== Exercise ==
The lines from the one containing "Building Photo - 2220 Devon Ave" through the final line of the listing below are what the answer must repeat, exactly and only, leaving pictures out.

═════ Dataset excerpt

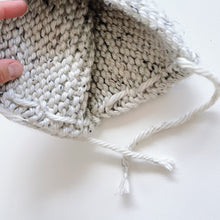 Load image into Gallery viewer, Chunky Knit Bonnet Grey Speckled (3-6m)
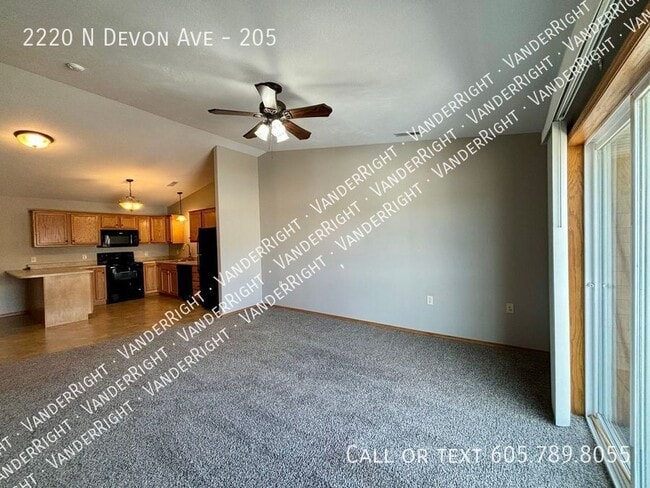 Building Photo - 2220 Devon Ave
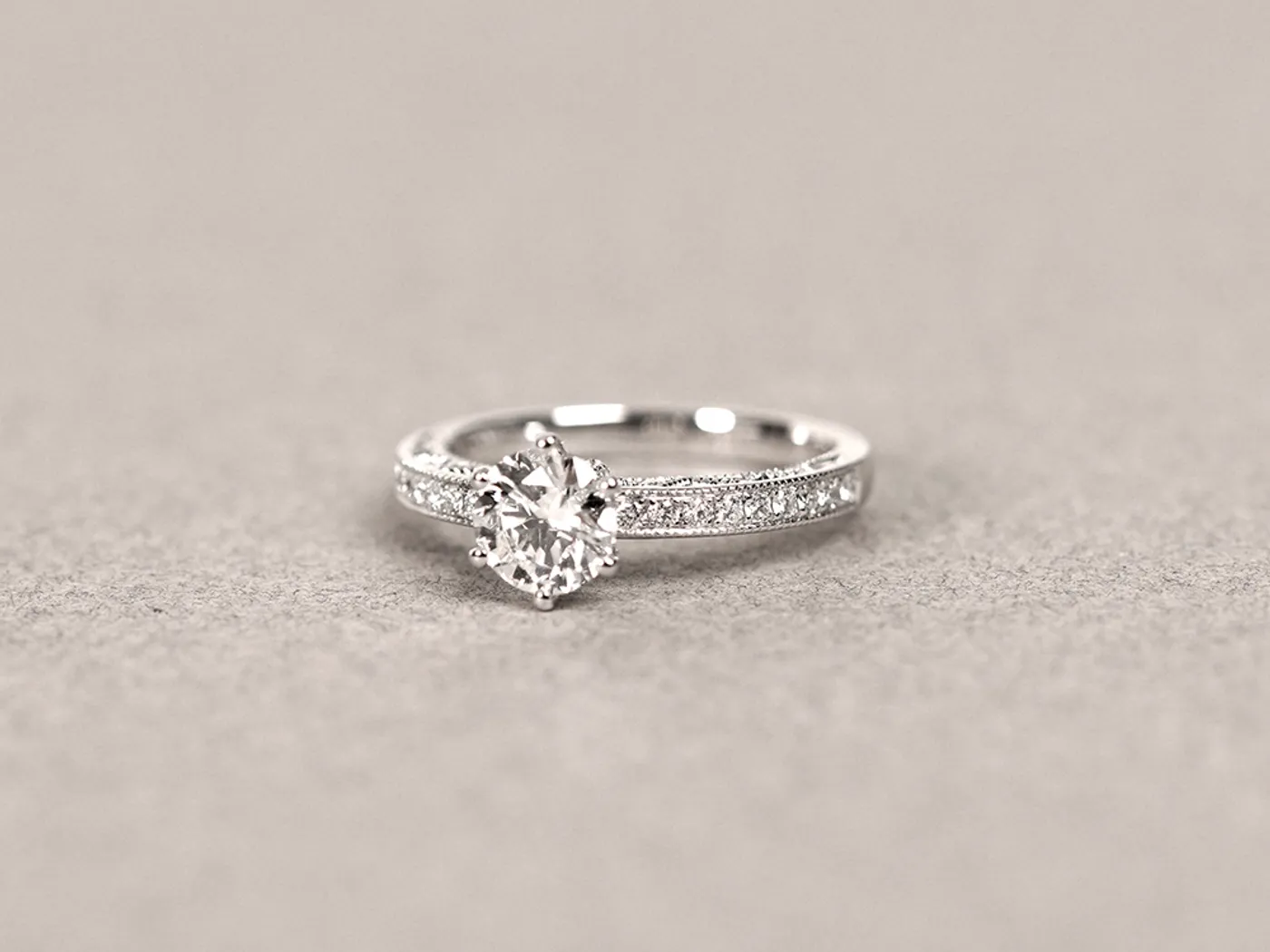 18k White Gold Diamond Ring — view 2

══════════

== Response area ==
 Building Photo - 2220 Devon Ave
 18k White Gold Diamond Ring — view 2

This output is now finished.